Inclement weather from Hurricane Eta in November 2020, followed by king tides, led to erosion and the formation of a small sinkhole in a section of the wall at the north end of Mayfair House, a condo built in 1974, and the south end of Horizon East, built in 1973, records show.
The initial breach that led to the sinkhole “appears” to have originated “from deficient sheet piling system and concrete cap” on the Horizon East side, a private engineering firm hired by Mayfair House wrote Nov. 20, 2020.
Although Mayfair made temporary repairs to the wall under the northeast side of its building, the engineering firm wrote in a report on July 1, 2021, that “it was still essential that Horizon East take steps to correct the potential unsafe condition” on Horizon East’s property, said Mayfair House attorney Louis Silber.
“Without repairing this sea wall, this condition could lead to the eventual development of an imminent hazard to the north side of Mayfair’s oceanside building,” Silber wrote in a Jan. 20 letter to town officials summarizing the history of the erosion problem.
The Mayfair House engineer’s July 1 report, shared with town officials, was written just one week after the Champlain Towers collapse that killed 98 people in Surfside. On July 16, the town cited both condos for an “unsafe structure” related to the adjoining sea wall.
More than $80,000 in repairs were finally completed in mid-January and signed off on by town officials, but not before Horizon East board members complained about publicity over the erosion problems.
“The breach is fixed.
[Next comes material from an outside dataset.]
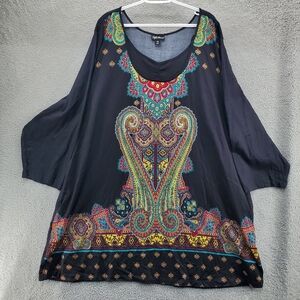 Soft Focus Dress Womens Size 3X Printed Layered Look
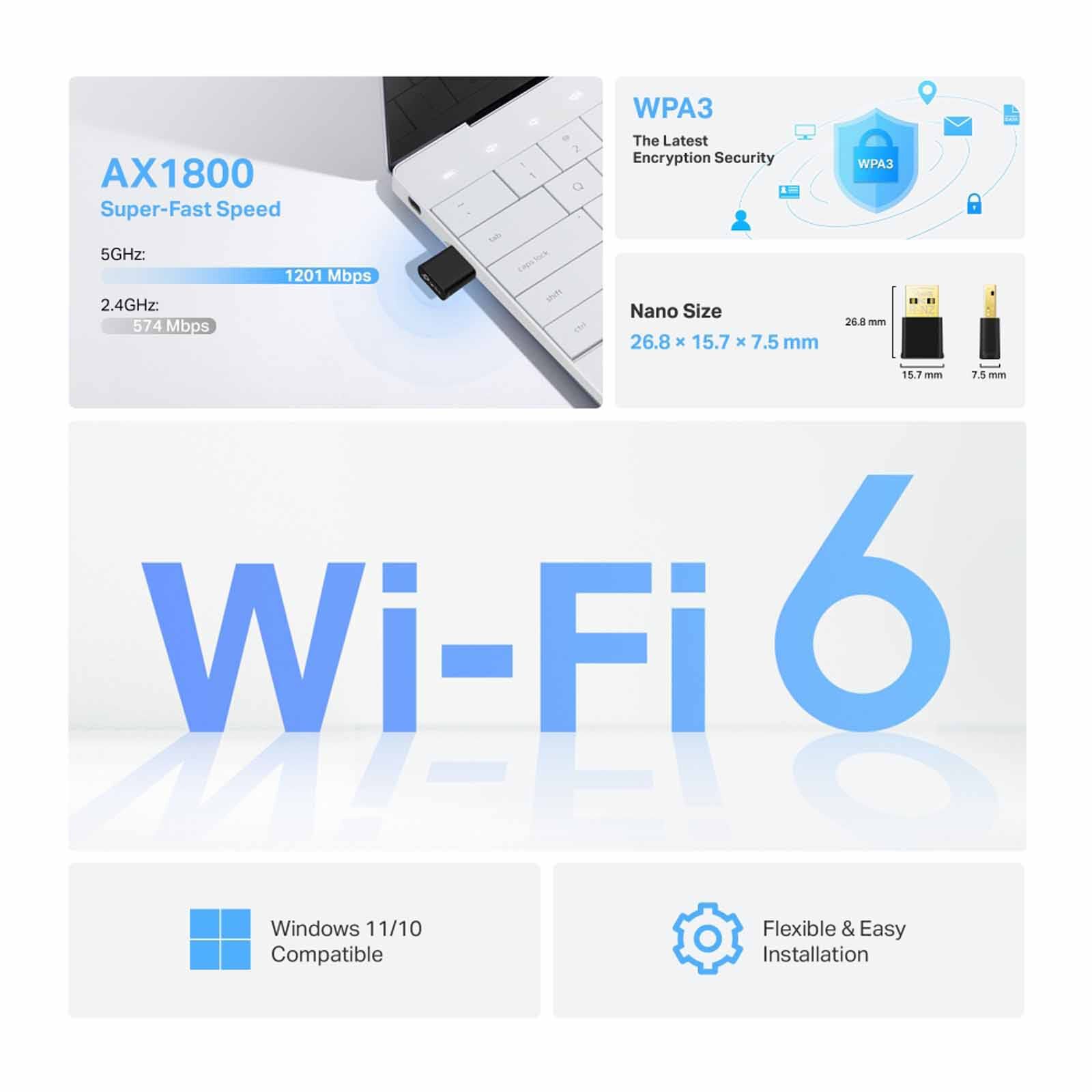 TP LINK Ax1800 Nano Wi-fi 6 Wireless Usb Adapter ARCHER TX20U NANO-image 3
There is nothing in danger here,’’ condo board member Steve Karp said in an interview before the magistrate’s hearing. “The building was never going to collapse. It’s in good shape. This is no Surfside.’’
The town still has an outstanding code enforcement case related to sea wall erosion against another condominium, La Pensee. On Dec. 22, a special magistrate agreed with the town code officer’s determination that the sea wall erosion violated the town code as “an unsafe structure.’’
La Pensee has a March 1 deadline to complete the repairs.